Der Druck war von Anfang an voll da. Als Sohn der Ski-Legenden Rosi Mittermaier und Christian Neureuther sollte Felix Neureuther in große Fußstapfen treten und der Hoffnungsträger in einer so lang anhaltenden Krise des deutschen Herren-Teams werden.
Als sein Stern in Kitzbühel aufging
Zumal er bereits als 18-Jähriger sein Weltcup-Debüt feierte - am 4. Januar 2003 im Riesenslalom von Kranjska Gora.
Neureuthers Karriere stockt zunächst
Und schon bald zeigte sich: Die Vorschusslorbeeren waren alles andere als unberechtigt. Bei der Weltmeisterschaft 2003 startete der Neuling erstmals bei einem Großereignis im Slalom und verbesserte sich mit Laufbestzeit im zweiten Durchgang von Rang 29 auf den 15. Platz.
Eine beachtliche Ansage von Neureuther, der damals nicht einmal sein Abitur in der Tasche hatte. Doch statt des steilen Aufstiegs nach oben stockte seine Karriere in der Folge immer wieder.
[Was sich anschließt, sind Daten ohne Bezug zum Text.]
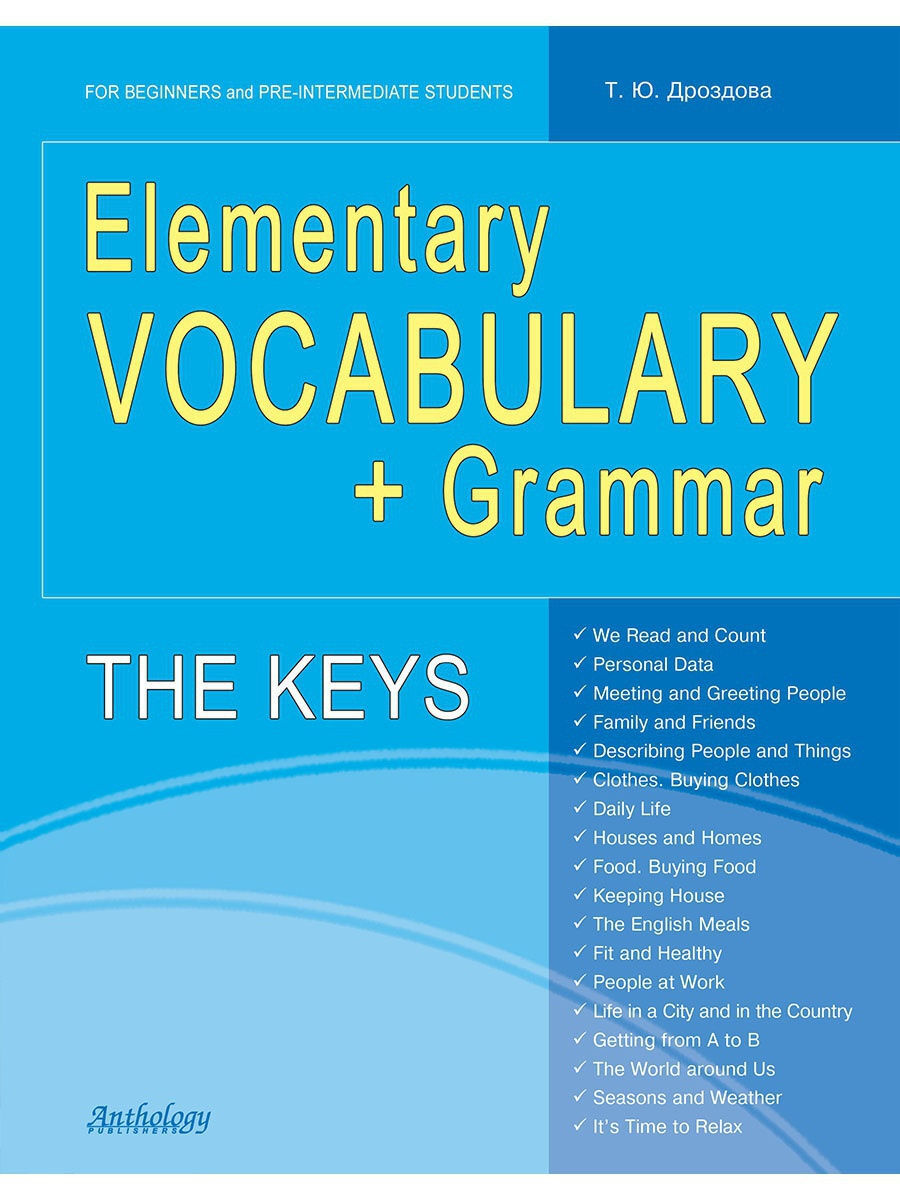 The Keys for Elementary Vocabulary + Grammar | Дроздова Татьяна Юрьевна -  купить с доставкой по выгодным ценам в интернет-магазине OZON (173095848)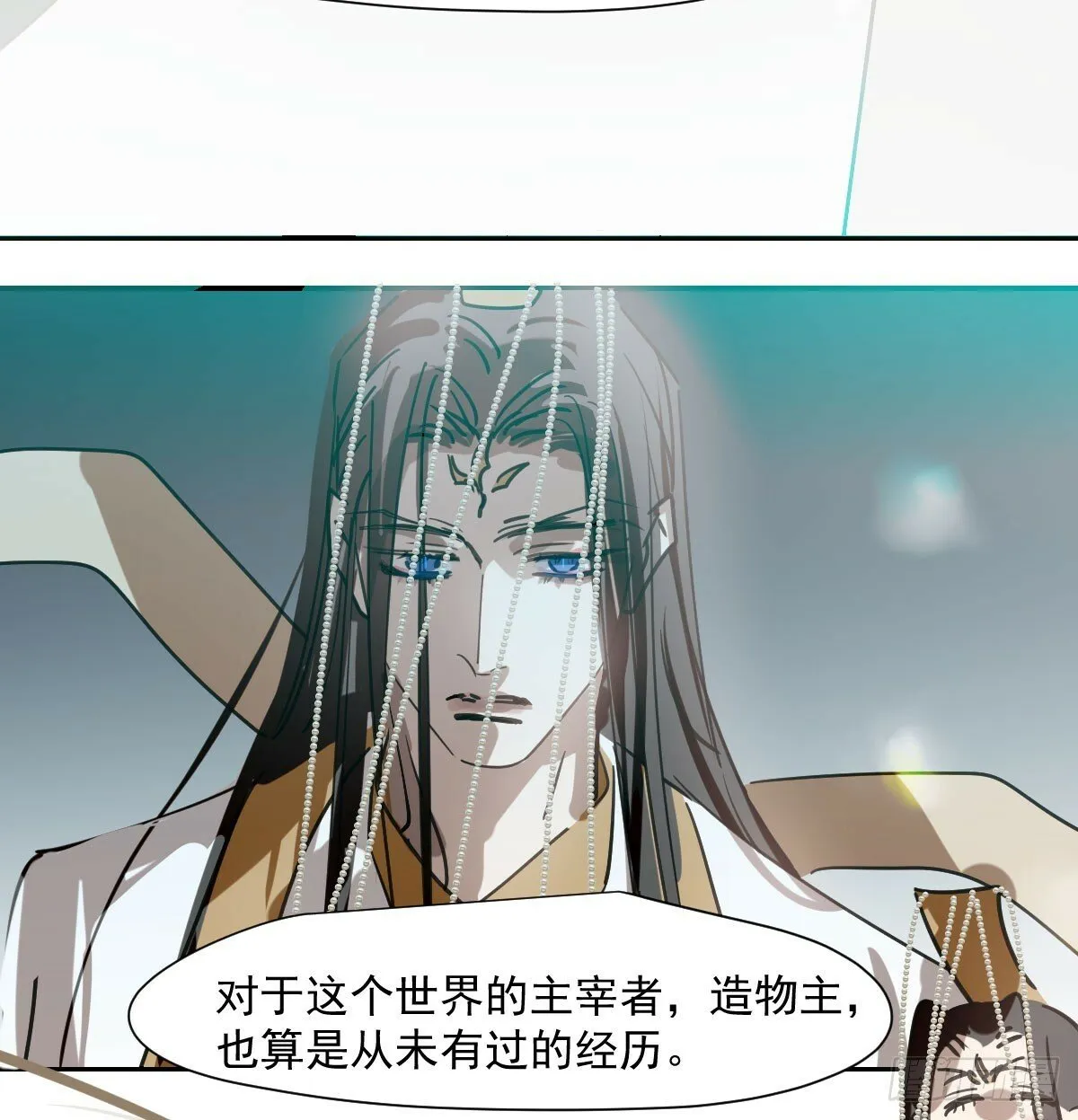 嗷嗷待哺漫画,第241话 找回感知4图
Regelmäßige Ausfälle und schwere Fahrfehler ließen viele Experten daran zweifeln, ob Neureuther jemals in der Weltspitze ankommen würde - bis zu jenem Tag, der den Knoten endgültig lösen und die Kritiker für alle Zeiten verstummen lassen sollte: Der 24. Januar 2010, heute vor 15 Jahren, als der gebürtige Pasinger den Slalom in Kitzbühel gewann.
Ausgerechnet das Rennen im Ski-Mekka schlechthin. Natürlich ein ganz besonderer Sieg, nicht nur aus familiärer Sicht.

Neureuther: „Das ist wirklich unbeschreiblich“
Neureuther lag am Ende 39 Hundertstel vor dem zweitplatzierten Franzosen Julien Lizeroux und fast eine Sekunde vor dem Italiener Giuliano Razzoli, der Dritter wurde.
“Ich bin selber fertig. Ich habe so gekämpft und war kurz vorm Aufhören. Das ist wirklich unbeschreiblich. Wenn man denkt, vor drei Wochen hieß es noch, der Junge muss um die Quali für Olympia kämpfen, und jetzt gewinne ich Kitzbühel. Was Schöneres gibt es eigentlich gar nicht“, erklärte der strahlende Sieger im anschließenden Interview.
Hochemotional wurde es auch, weil Neureuther seinen großen Moment vor den Augen seiner Eltern erlebte. Felix und Christian lagen sich bereits im Zielraum in den Armen, während Mutter Rosi, die zweimalige Olympiasiegerin von 1976, am Pistenrand beim Fan-Club ihres Sohns stand und jubelte.
„Ich habe gewusst, dass er hier gut sein wird“, erzählte Christian Neureuther, der selbst sechs Weltcup-Slalomrennen gewonnen hatte. „Der Hang hier liegt dem Felix.“
Er sollte recht behalten - vielleicht auch wegen der eigenen Vorgeschichte, die als besondere Note hinzukam: Vater Christian hatte genau 31 Jahre zuvor an gleicher Stelle in Kitzbühel gewonnen: „Dass ich das ausgerechnet in Kitzbühel schaffe, ist unfassbar. Das macht so stolz, das kann man sich nicht vorstellen“, sagte Felix deswegen mit Tränen in den Augen.
„Die Saison hatte für mich ja ganz schlecht begonnen. Ich war mental schon am Boden, habe mich aber wieder aus diesem Tief herausgekämpft.“
Neureuther setzte sich in der Weltspitze fest
„Es war ja auch höchste Zeit, dass die Deutschen mal wieder in Kitzbühel etwas gewinnen“, ergänzte Neureuther grinsend. Zuvor hatte es eine 21-jährige Durststrecke gegeben und Armin Bittner als letzter DSV-Läufer vor ihm beim Slalom in Kitzbühel ganz oben auf dem Treppchen gestanden.
Bei den folgenden Olympischen Winterspielen 2010 in Vancouver überraschte Neureuther dann mit Platz acht im Riesenslalom. In seiner Paradedisziplin, dem Slalom, schied er als Mitfavorit auf eine Medaille allerdings bereits im ersten Lauf aus.
Dennoch hielt ihn das nicht davon ab, sich endgültig in der Weltspitze zu etablieren. Bis zu seinem Karriereende im März 2019 erreichte Neureuther 47 Podestplätze in Einzelrennen, darunter 13 Siege - einen weiteren davon in Kitzbühel.
Nicht weniger erfolgreich schnitt er bei Weltmeisterschaften ab: 2013 holte der heutige TV-Experte Silber aus Schladming, Bronze gab es bei den Großereignissen in Beaver Creek 2015 und St. Moritz 2017.